---- GIVEN DATA
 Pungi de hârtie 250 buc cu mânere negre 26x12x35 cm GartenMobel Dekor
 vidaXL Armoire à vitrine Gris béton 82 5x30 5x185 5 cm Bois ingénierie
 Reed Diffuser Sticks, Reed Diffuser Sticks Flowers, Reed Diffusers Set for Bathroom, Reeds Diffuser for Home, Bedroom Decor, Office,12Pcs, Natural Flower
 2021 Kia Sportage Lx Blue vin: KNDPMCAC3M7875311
--------
---- GIVEN DATA
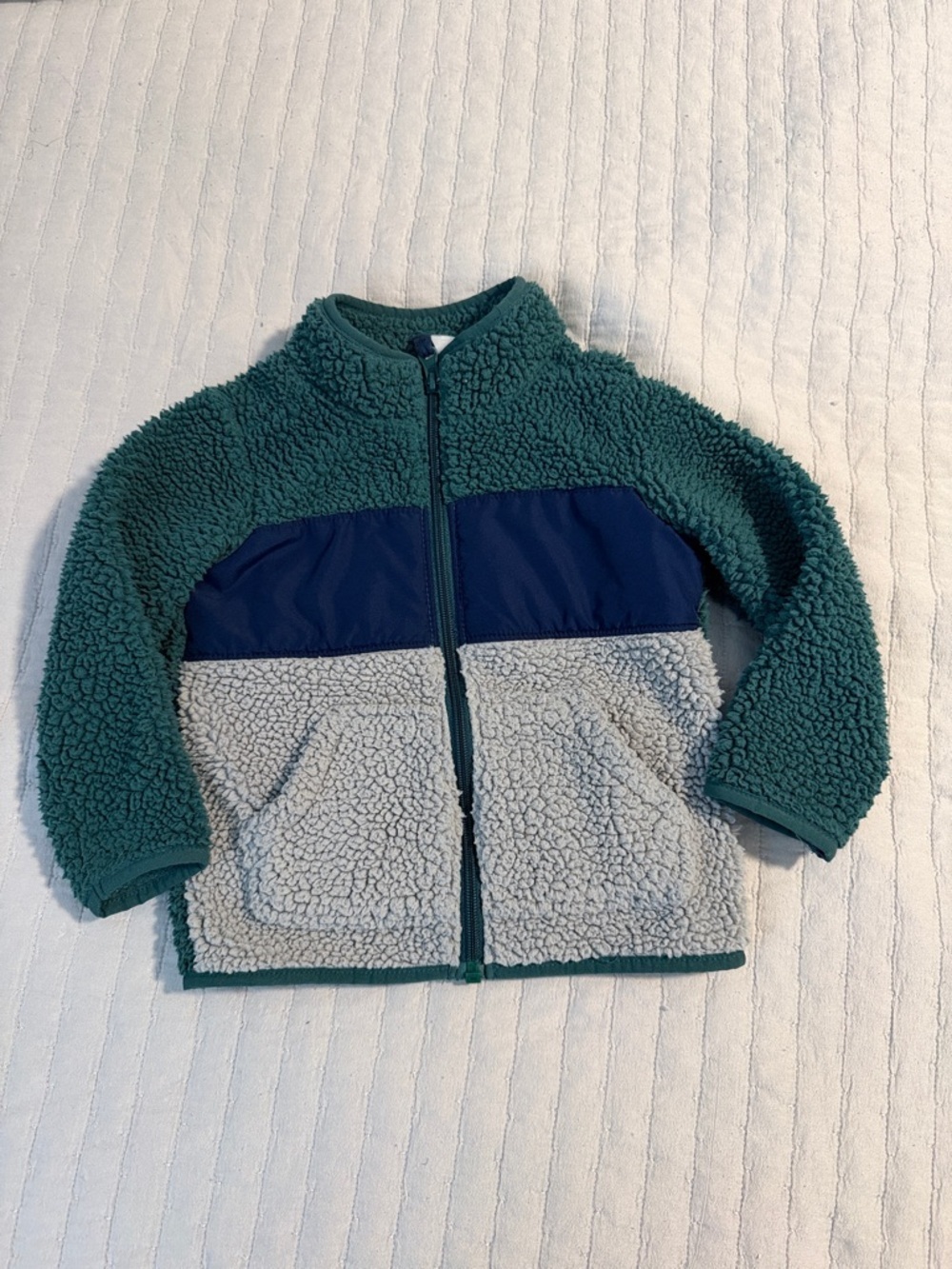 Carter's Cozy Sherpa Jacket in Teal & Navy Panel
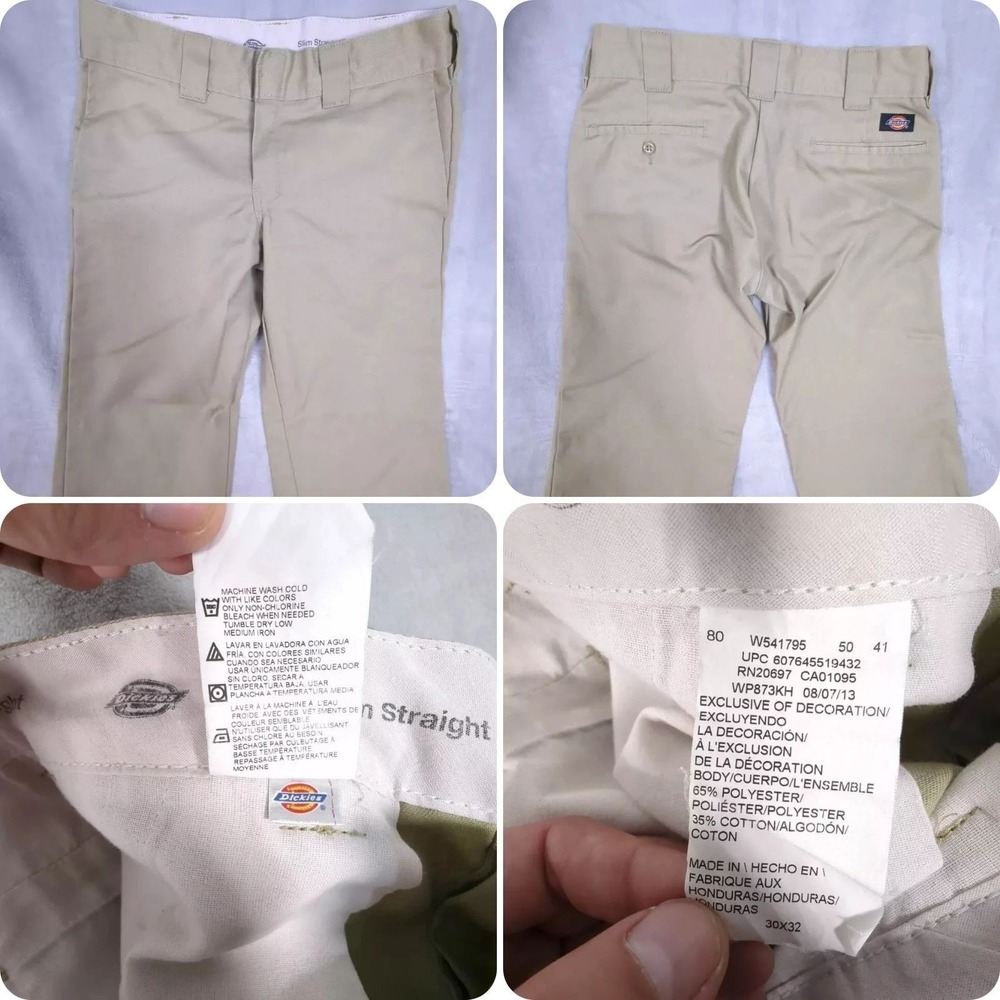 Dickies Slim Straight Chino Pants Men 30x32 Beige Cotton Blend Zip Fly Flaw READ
--------
---- GIVEN DATA
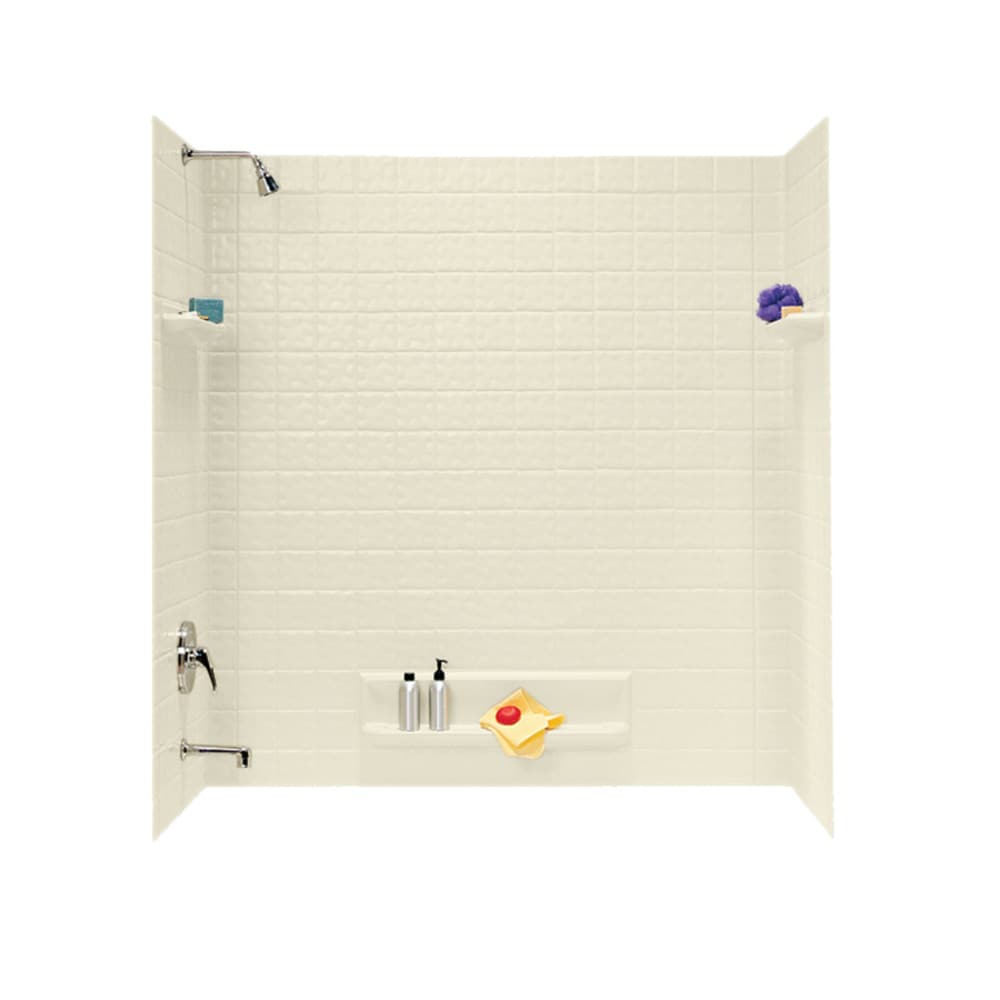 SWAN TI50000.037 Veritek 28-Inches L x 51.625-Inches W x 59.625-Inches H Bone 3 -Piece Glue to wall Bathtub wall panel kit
--------
*YOUR OBJECTIVE*.
Starting with the line above that holds "Pungi de hârtie" and stopping with the line that holds "2021 Kia Sportage", reproduce each line exactly, omitting all other lines.

*RESPONSE FOR THIS EXERCISE*.
 Pungi de hârtie 250 buc cu mânere negre 26x12x35 cm GartenMobel Dekor
 vidaXL Armoire à vitrine Gris béton 82 5x30 5x185 5 cm Bois ingénierie
 Reed Diffuser Sticks, Reed Diffuser Sticks Flowers, Reed Diffusers Set for Bathroom, Reeds Diffuser for Home, Bedroom Decor, Office,12Pcs, Natural Flower
 2021 Kia Sportage Lx Blue vin: KNDPMCAC3M7875311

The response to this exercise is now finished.